Utilities generally pay a large portion of their earnings as dividends to shareholders. Thus, they have relatively high payout ratios. However, NextEra Energy’s payout ratio has been lower than utilities’ average in the last few years. In 2019, it’s expected to be close to 60% compared to its five-year average of 46%. Broader utilities have an average payout ratio of around 70%. Duke Energy’s and Southern Company’s payout ratios came in at around 75% and 80%, respectively, in 2019.
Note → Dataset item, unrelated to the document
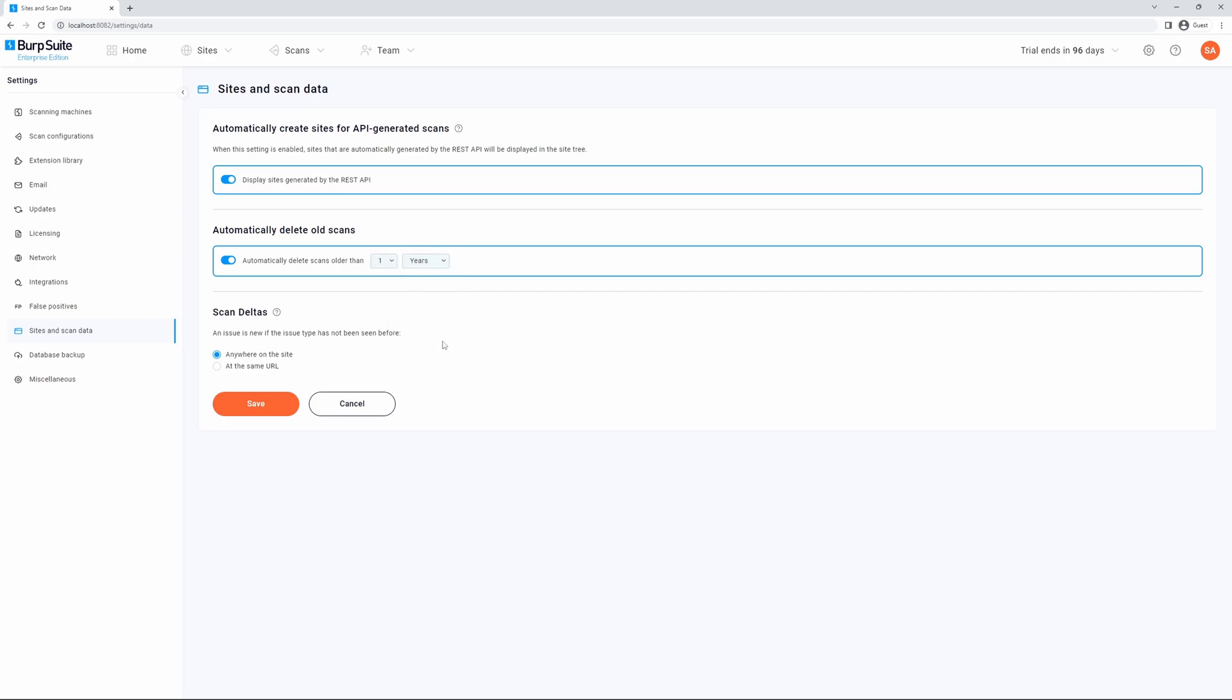Finally, you can configure scan deltas. An issue is new if the issue type has not been seen before. By default, this will be anywhere on the site, or you can toggle to the same URL.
NextEra Energy’s above-average earnings growth has influenced its market performance in the last several years. NEE has consistently outperformed its peers recently. In the last five years, NextEra has returned 160% (including dividends), while XLU has returned approximately 65%. Duke Energy and Southern Company, though they offer much higher yields, have returned 36% and 70%, respectively. NextEra Energy has beat its peers as well as the S&P 500 Index (SPY) in the period.

NEE’s price targets

Barclays raised NextEra Energy’s price target from $230 to $242 on November 21. This target represents a potential upside of just 4% for the stock over the next 12 months. It’s currently trading at $233.4.

Wall Street analysts largely seem positive on NEE. Of the 16 analysts covering it, ten recommend “buys,” five recommend “strong buys,” and one recommends a “hold” as of November 25.